In a recent article in the Wall Street Journal, V. P. Sharma, CEO of Indonesian retailer Mitra Adiperkasa, called Indonesia a “Shangri-La” for the multitude of retailers who have rushed to meet surging demand for a wide range of new consumer products and services. Indeed, with annual disposable incomes growing by more than 18% (in real terms) between 2008 and 2012, members of the growing and increasingly sophisticated Indonesian middle class have revelled in a consumer wonderland, snapping up nearly every product in sight in showrooms and on store shelves. Standard Chartered Bank’s Fauzi Ichsan recently told the Jakarta Globe “From consumer gadgets to cars to cement, anyone who bets on the rising middle class and domestic spending stands to gain”.

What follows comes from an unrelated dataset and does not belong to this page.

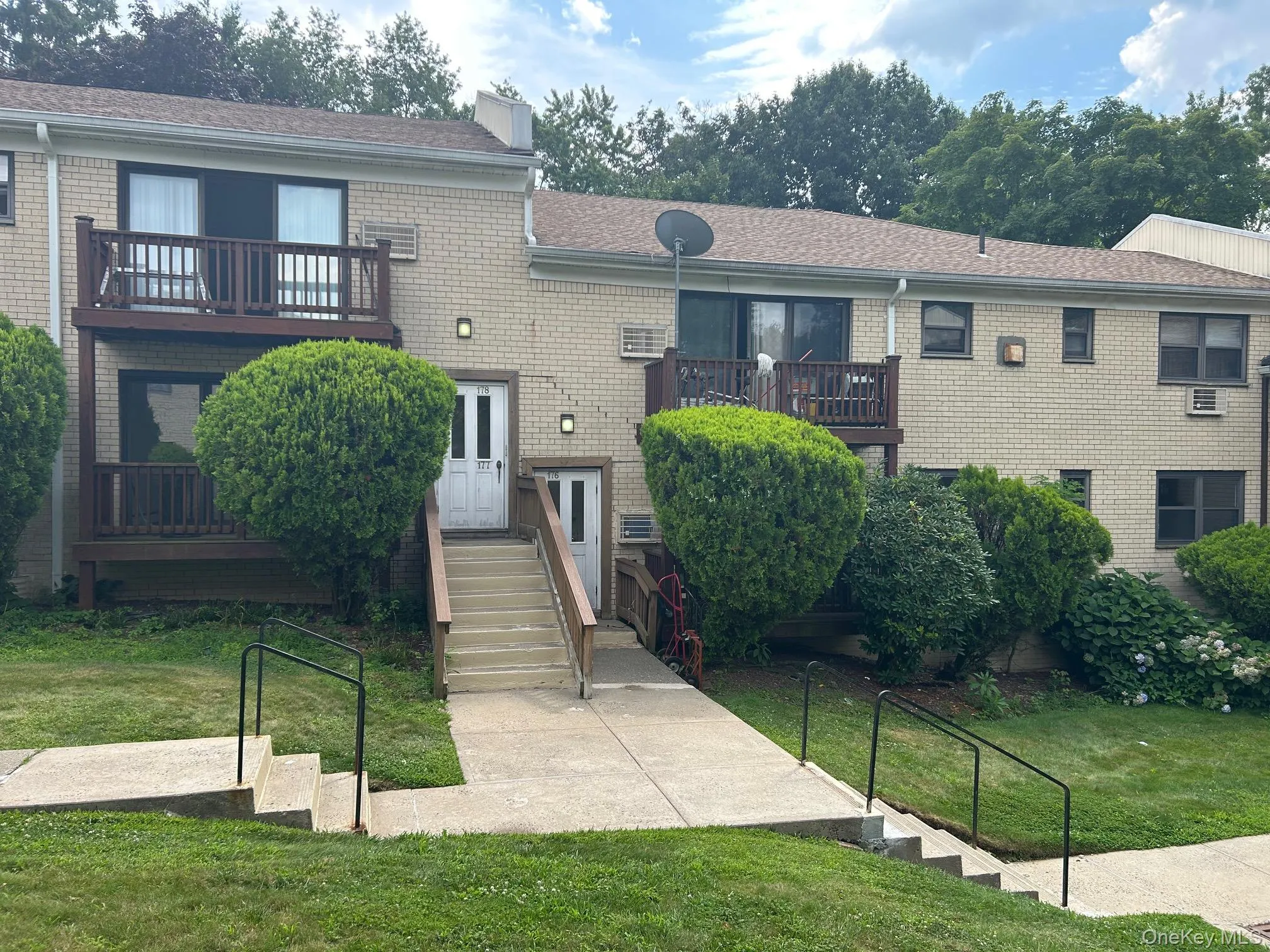 175 Sneden Place, Ramapo, NY, 1 Bedroom Bedrooms, 5 Rooms Rooms,1 BathroomBathrooms,Residential,For Rent,Sneden,0,1030744 175 Sneden Place, Ramapo, NY, 1 Bedroom Bedrooms, 5 Rooms Rooms,1 BathroomBathrooms,Residential,For Rent,Sneden,0,1030744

Growth in Consumer Expenditure and Annual Disposable Income in Indonesia 2000-2020
Source: Euromonitor International
Somewhat uniquely, the growth of Indonesia’s middle class and, in turn, the spectacular growth in consumer spending and demand, are not springing solely from the country’s large urban areas like Jakarta. Instead, significant growth is occurring in the country’s second-tier cities outside of Java and on islands such as Sumatera and Borneo where Chinese demand for palm oil, coal and iron has resulted in the creation of numerous jobs and relatively high wages. As a result, these outlying areas are now home to a large bloc of first-time buyers of such products as cars, white goods and other big-ticket items whose increasing sophistication will soon allow them to graduate into fully-fledged Western-style consumers.